During my stay in Banta, I carefully documented the ways in which local residents mediated and managed the tensions provoked by Somali understandings of hierarchy and inequality that prized those of jileec status and subjugated those identified as jareer. Despite their non-Somali ancestry, everyone in Banta claimed membership in a Somali clan, either on the basis of the clan identity of the person who had originally enslaved their ancestors, or through an ancestor's later adoption into a clan for protection and identity within Somali society. Scholars describe Somali kinship as a segmentary lineage structure, in which every Somali is a member of one of five major clan families (Darood, Dir, Isaaq, Rahanweyn, and Hawiye), each of which encompasses large groups of lineages in a cascading set of lineage-based kinship groups determined patrilineally. Every Somali claims membership in a particular lineage of a particular clan, and can identify his or her relationship to every other Somali through tracing his or her connections through the overarching kinship system. The lineage and clan structure provided the basis for social and political life, including knowing one's enemies and allies when conflict occurred.
Banta included families who claimed membership in three of Somalia's five major clans (Darood, Rahanweyn, and Hawiye), although the connections between families of different clan membership far outweighed the distinctions among them. In Banta, people married and shared friendships across clan lines, and when compensation had to be paid for a crime committed by a villager against someone from outside the village, all of Banta's families contributed rather than just the offender's clan relatives. In short, lineage and clan membership was far more important for claiming membership within broader Somali society than it was for structuring life within the village.
The jareer villagers in Banta used their membership in Somali clans to negotiate their relationships with the jileec Somali pastoralists who lived on the plains stretching away from the riverbanks: the Darood to the west and the Rahanweyn and Hawiye to the east. Because of their social status above those farmers identified as jareer, Somali (jileec) pastoralists who entered Jubba Valley villages seeking water or food felt entitled to assault, harass, and intimidate local farmers with relative impunity. My field notes are filled with stories about pastoralists grazing their animals on farmers' ripening crops and assaulting those who attempted to defend their fields against invading hungry cows. My Banta neighbors usually explained this abuse as the behavior of particularly aggressive Somali individuals rather than as an expression of collective discrimination by pastoralist (jileec) Somalis against minority (jareer) farmers, and they attempted time and again to use the language of clan to seek compensation and mediation for their injuries.
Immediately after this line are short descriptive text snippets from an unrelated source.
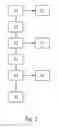Fig. 04 - Method and device for managing configurations of an aircraft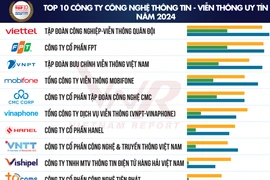 Vietnam Report annonce les 10 meilleures entreprises technologiques réputées en 2024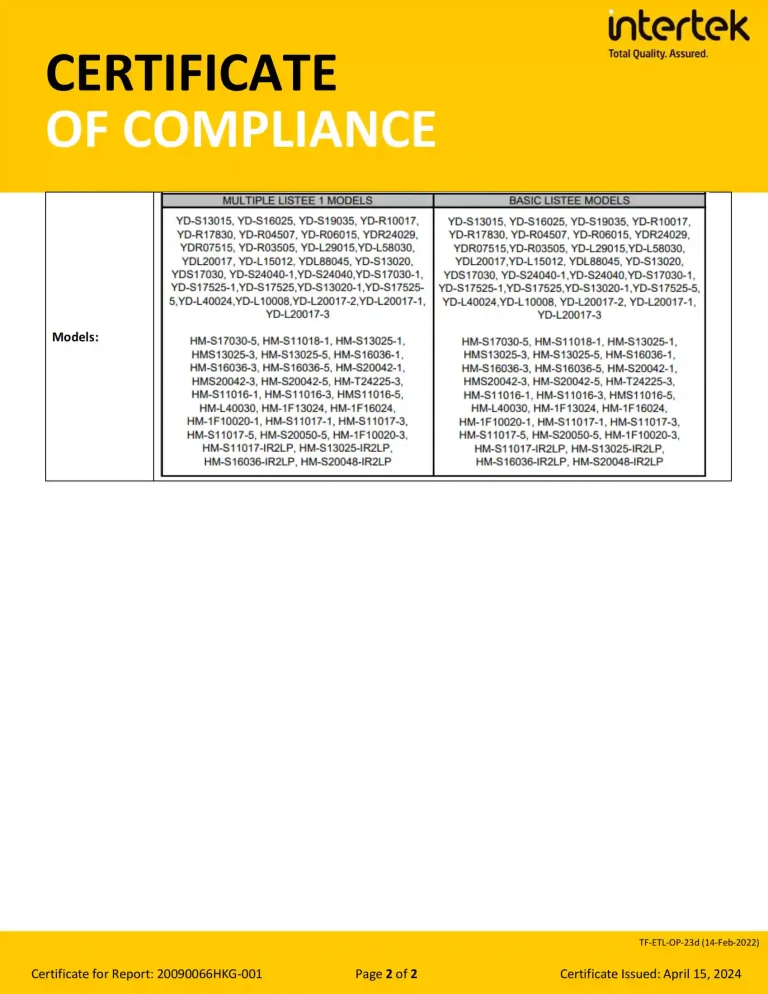 Certificate of Compliance -ZhongShan Hao Ming PhotoelectricT_02
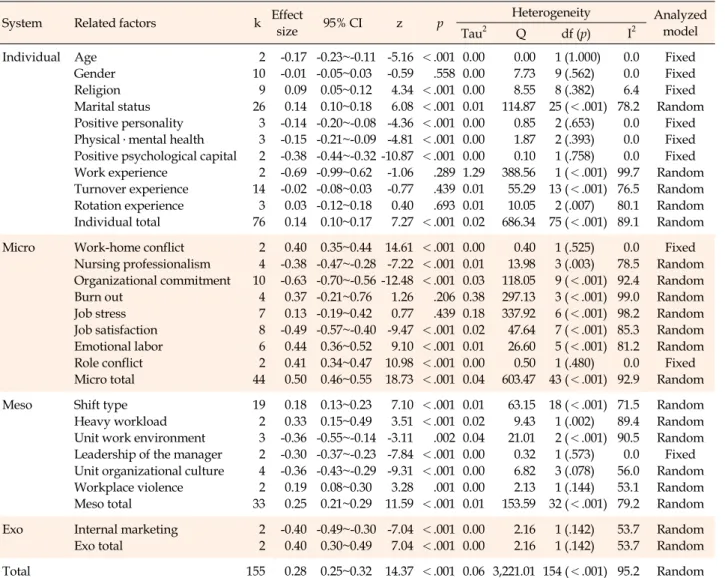 Table 4. Effect size of Related Factors for Turnover Intention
While the majority of Banta villagers claimed to be affiliated with jileec Somali clans who lived to the east of the Jubba River valley, several Banta families maintained close ties with jileec Somali pastoralist families of the Darood clan, whose territory stretched to the west of the Jubba Valley. Xassan, the head of the village in whose compound I lived, had a close relationship with a Darood pastoralist family because his wife, Hamara, claimed Darood clan membership. Hamara's father, Bilaal, was a locally powerful elder from Kakole, a village near Banta also on the west bank of the Jubba River, which was almost entirely populated by his extended family, all of whom claimed Darood clan membership. During my year in Banta I spent dozens of hours interviewing Bilaal about local history, including the history of slavery that his family shared with most villagers in the Jubba Valley. His grandfather, captured in Tanzania for enslavement in Somalia, had assumed Darood clan identity after gaining his freedom, and his offspring continued to claim that identity, seeking solidarity with the Darood pastoralists who lived in the bush to the west of Banta and Kakole.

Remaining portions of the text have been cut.